Dataset content START
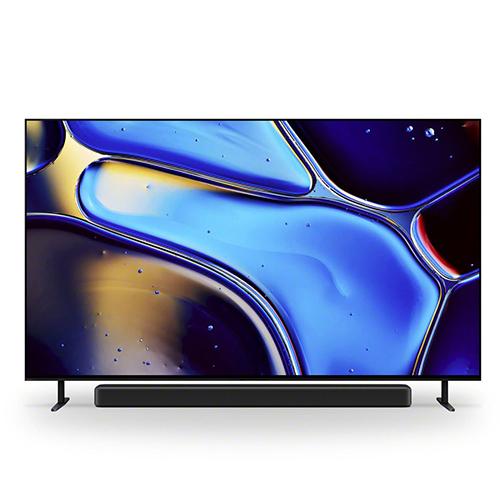 ソニー(SONY) K-55XR80 BRAVIA 4K 55V型 有機ELテレビ_17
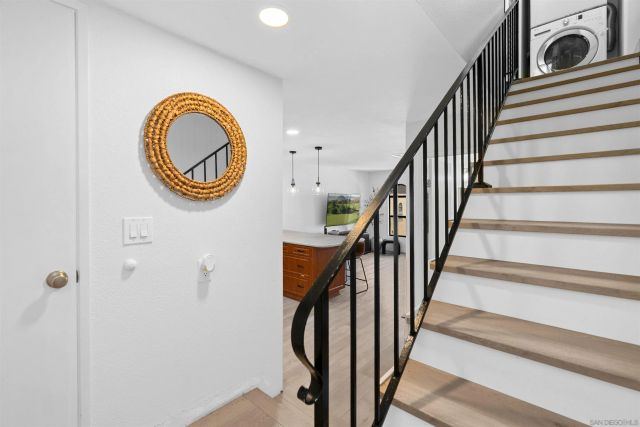 10781 Riderwood Terr b, Santee, CA 92071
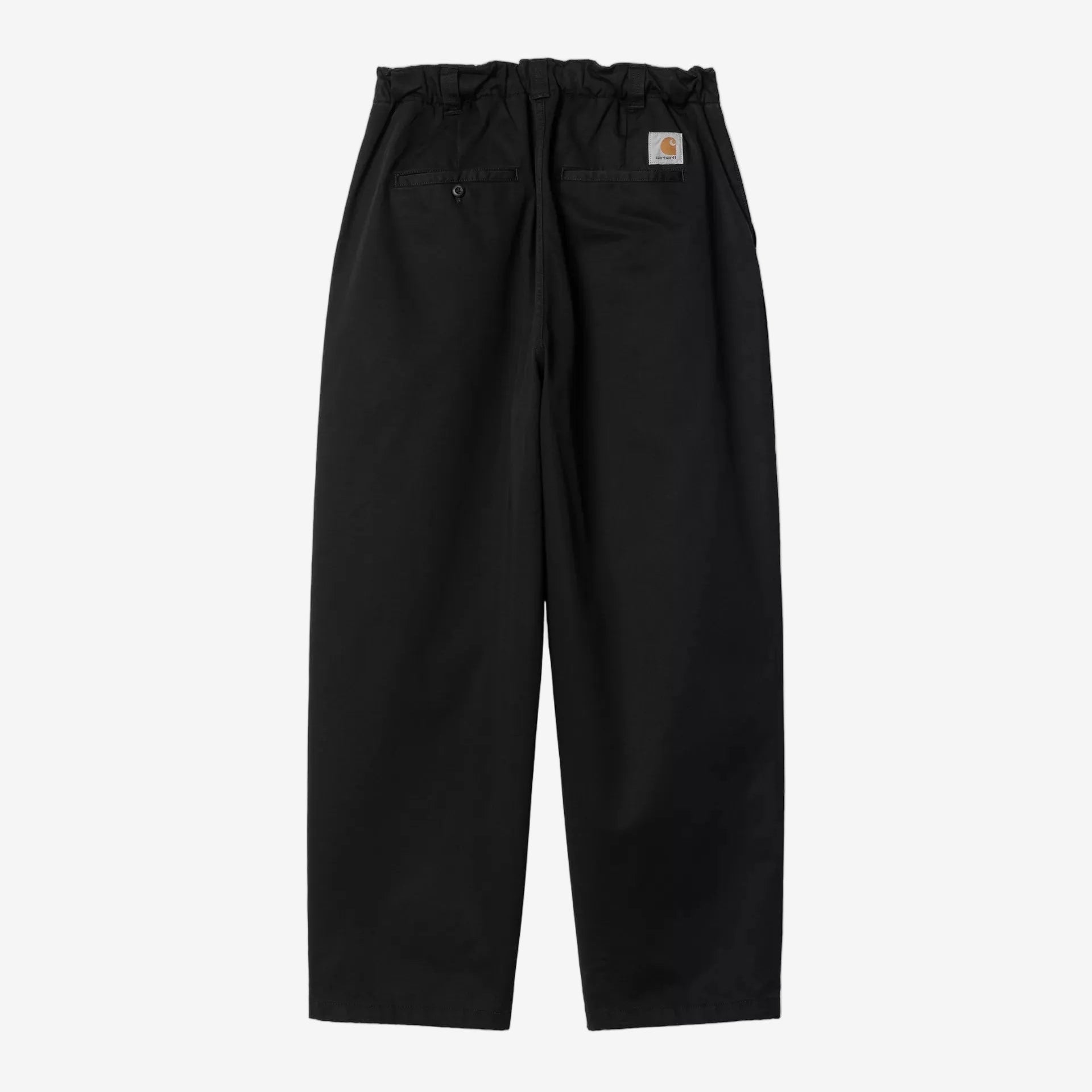 Spodnie Carhartt WIP Marv Carhartt WIP - Dasea People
Dataset content END
Only the pictures are to be dropped; the rest of the material above must be duplicated exactly.

 ソニー(SONY) K-55XR80 BRAVIA 4K 55V型 有機ELテレビ_17
 10781 Riderwood Terr b, Santee, CA 92071
 Spodnie Carhartt WIP Marv Carhartt WIP - Dasea People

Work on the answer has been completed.